Python code can be written using any plain text editor that can load and save either in ``ASCII`` or ``UTF8`` unicode character encoding.
To edit your Python file, it is often easier to use a `source code editor <http://en.wikipedia.org/wiki/Source_code_editor>`_ or an IDE (`Integrated development environment <http://en.wikipedia.org/wiki/Integrated_development_environment>`_) like:

* `idle <https://docs.python.org/3/library/idle.html>`_ (an IDE provided with Python);
* `vim <https://www.vim.org/>`_;
* `emacs <https://www.gnu.org/software/emacs/>`_;
* gedit;
* nedit;
* eclipse;
* `PyCharm <https://www.jetbrains.com/pycharm/>`_;
* and so on...


Some of these tools can highlight the syntax of your code, helping you reading it and spotting syntax errors.
Some of them also help you adopting a clean layout or avoiding typos.

.. note:: The default character encoding is **UTF8** for Python 3

.. warning:: Word or LibreOffice are **NOT** text editors. Never use them to edit Python code.

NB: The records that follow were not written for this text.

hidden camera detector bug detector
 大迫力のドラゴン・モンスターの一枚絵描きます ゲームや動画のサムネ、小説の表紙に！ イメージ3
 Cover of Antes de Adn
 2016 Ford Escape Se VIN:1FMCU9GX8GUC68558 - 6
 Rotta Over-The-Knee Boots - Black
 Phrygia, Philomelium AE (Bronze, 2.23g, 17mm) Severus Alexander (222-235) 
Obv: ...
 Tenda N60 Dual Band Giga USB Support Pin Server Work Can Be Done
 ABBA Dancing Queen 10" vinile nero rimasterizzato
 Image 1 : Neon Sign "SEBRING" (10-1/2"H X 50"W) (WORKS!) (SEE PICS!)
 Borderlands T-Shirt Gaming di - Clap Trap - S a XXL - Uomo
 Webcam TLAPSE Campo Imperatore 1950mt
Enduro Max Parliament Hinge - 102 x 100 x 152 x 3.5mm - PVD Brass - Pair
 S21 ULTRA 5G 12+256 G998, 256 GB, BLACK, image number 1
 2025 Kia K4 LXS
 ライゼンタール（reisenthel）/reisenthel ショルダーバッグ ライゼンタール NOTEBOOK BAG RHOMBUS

Python source code file normally have a ``.py`` extension, although on some Unix systems they may not need any extension,
and Python GUI (Graphical User Interface) have ``.pyw``  extension on Mac and Windows.

.. note::
   Unlike most other programming languages, Python uses indentation to signify
   its block structure. Since blocks are indicated using indentation, the question that naturally arises is
   "What kind of indentation?" The Python style guidelines (pep 8) recommends
   four spaces per level of indentation, and only spaces (no tabs).
   Most modern text editors can be set up to handle this automatically (IDLE's editor does this, of
   course, and so do most other Python-aware editors). Python will work fine with
   any number of spaces or with tabs or with a mixture of both, provided that
   the indentation used is consistent. In this course, we follow the official Python
   guidelines. Therfore, we recommend you to set your editor to use 4 spaces when you press the "tab" key.


Executing code
--------------

Different types of programming languages have different ways of being executed.


Compiled languages
^^^^^^^^^^^^^^^^^^

Some languages, like C, are first transformed (**compiled**) by a program called
a **compiler** into an executable file containing instructions in a **binary**
format (sequence of zeroes and ones that a human is normally not able to read).
The executable can later be directly executed using the processor of the
computer for which it was compiled.

.. figure::  _static/figs/compile.png
    :height: 85px
    :align: center
    :alt: compiling work stream
    :figclass: align-center

    A compiler transforms a source code into object code, which is run by hardware executor.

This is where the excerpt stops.